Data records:
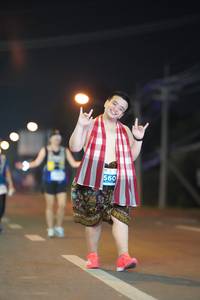 BIB: 560
                            <button type="button" onclick="openModal(13801882)" class="btn btn-primary btn-sm float-right btn-popup" data-toggle="modal" data-target=".modal-high-quality">
                        <i class="fas fa-shopping-cart"></i> Add to Cart
                    </button>
                                            <button type="button" onclick="isThisMe(13801882, true)" class="btn btn-success btn-sm float-right btn-popup btn-isme hidden" data-toggle="tooltip" data-placement="bottom" title="นี่คือรูปของคุณใช่ไหม คลิกที่นี่เพื่อเอาเข้าอัลบั้ม">
                        <i class="fas fa-plus"></i> Add to album
                    </button>
                    <button type="button" onclick="isThisMe(13801882, false)" class="btn btn-warning btn-sm float-right btn-popup btn-isnotme hidden">
                        <i class="fas fa-ban"></i> Remove from album
                    </button>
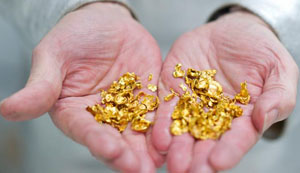 أطباء يستخرجون ذهباً من أمعاء تاجر هندي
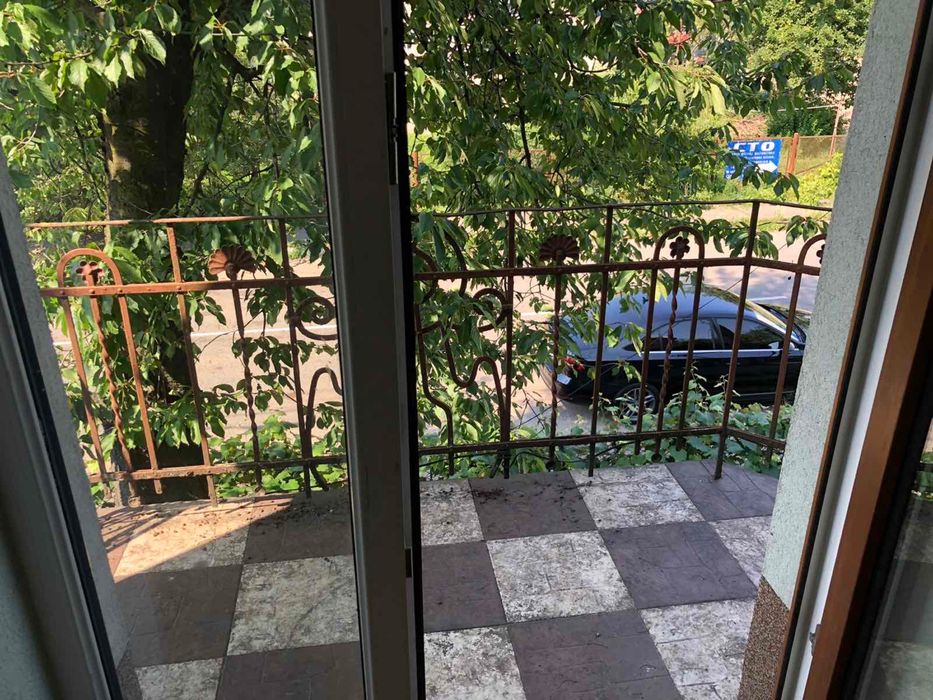 Продаж 2-рівневої квартири з власним подвірʼям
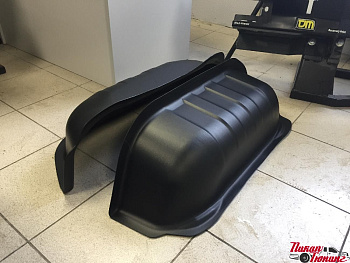 Toyota Hilux / Вставка (вкладыш) в кузов / Защита колесных арок кузова (оригинал)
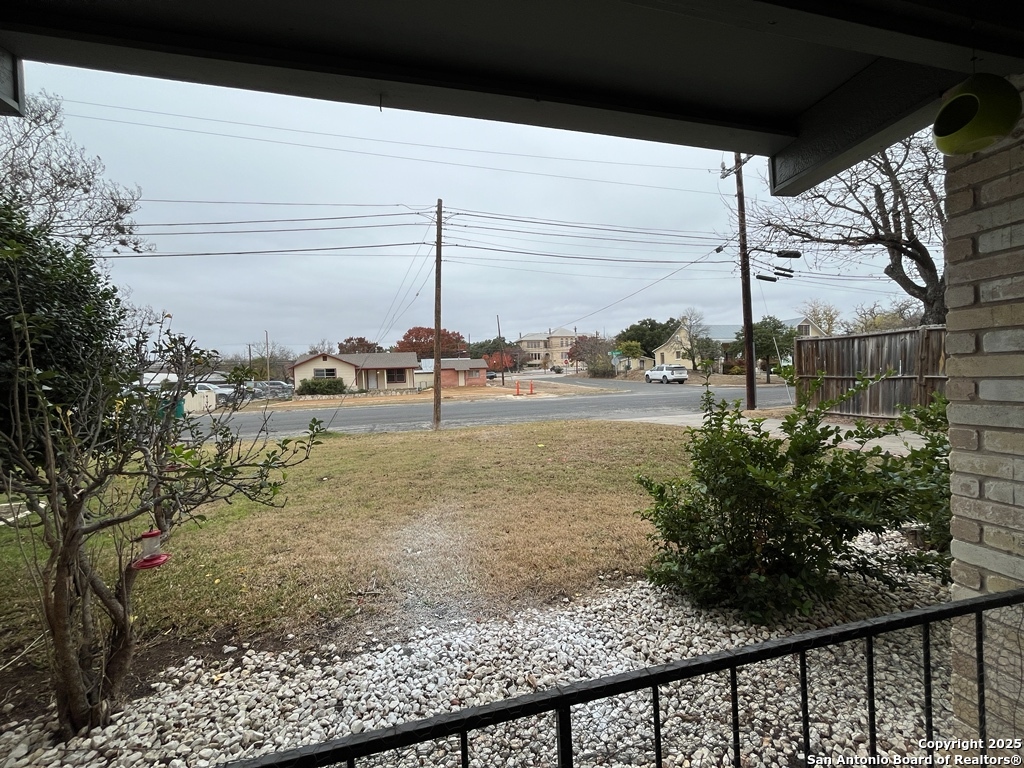 311 East San Antonio Avenue, Unit 101 Boerne, TX 78006 - Photo 20 of 27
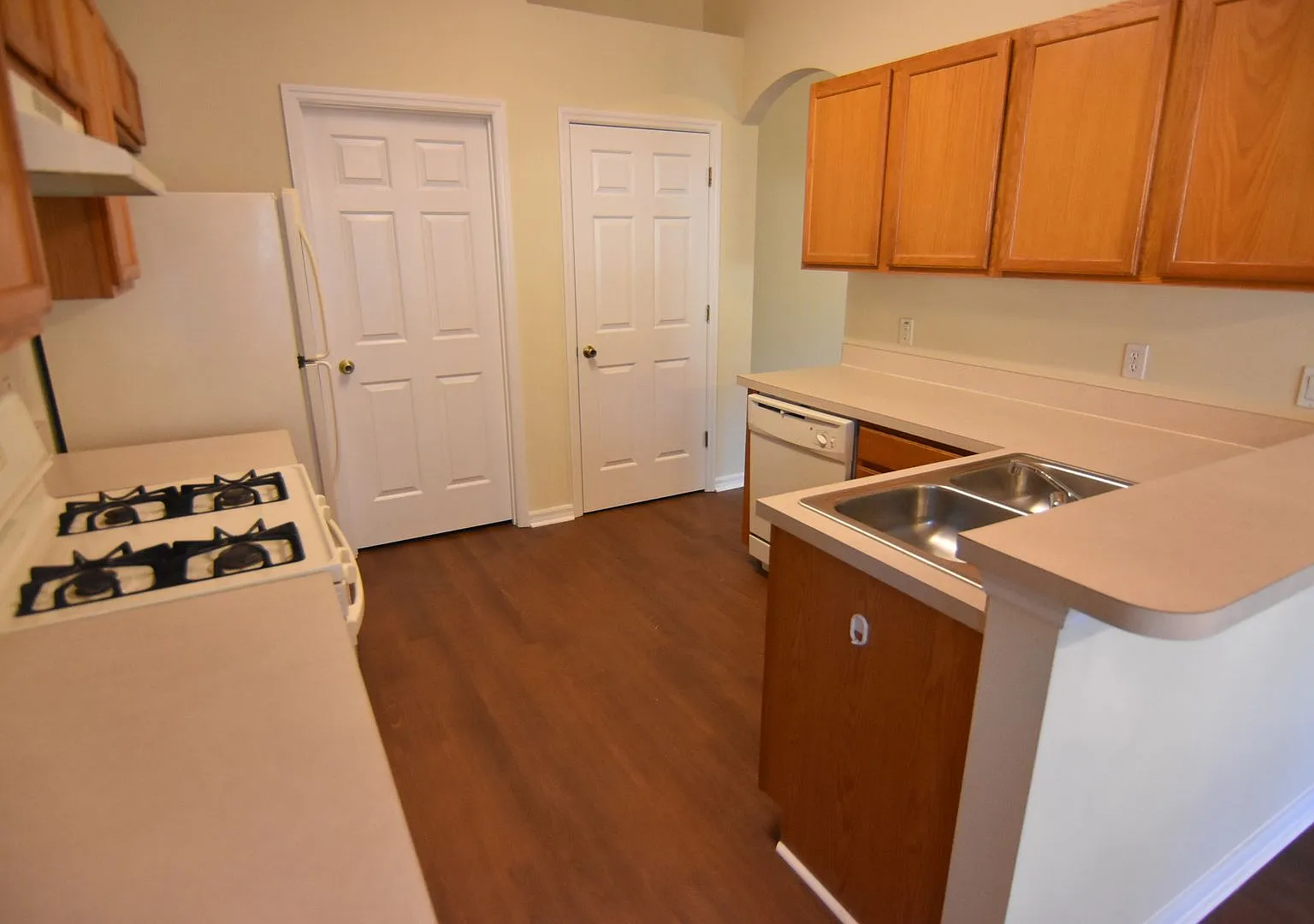 Deltona....Saxon Ridge..Community Pool! Available October 1st! — Photo 3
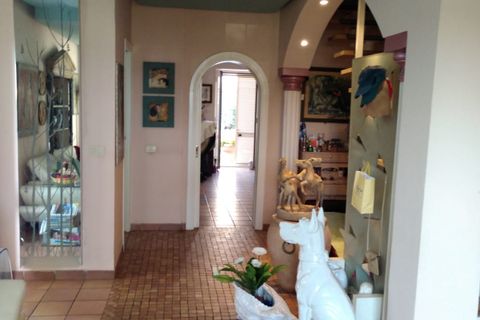 Villa i Latina, Latina, Latina - € 480.000 | Ref: 2528 - foto 1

→ **Goal of the exercise**
Beginning with the line containing "Продаж 2-рівневої квартири" and ending with the last line of the data, output those lines exactly and nothing more. Omit every picture.

→ **Exercise response**
 Продаж 2-рівневої квартири з власним подвірʼям
 Toyota Hilux / Вставка (вкладыш) в кузов / Защита колесных арок кузова (оригинал)
 311 East San Antonio Avenue, Unit 101 Boerne, TX 78006 - Photo 20 of 27
 Deltona....Saxon Ridge..Community Pool! Available October 1st! — Photo 3
 Villa i Latina, Latina, Latina - € 480.000 | Ref: 2528 - foto 1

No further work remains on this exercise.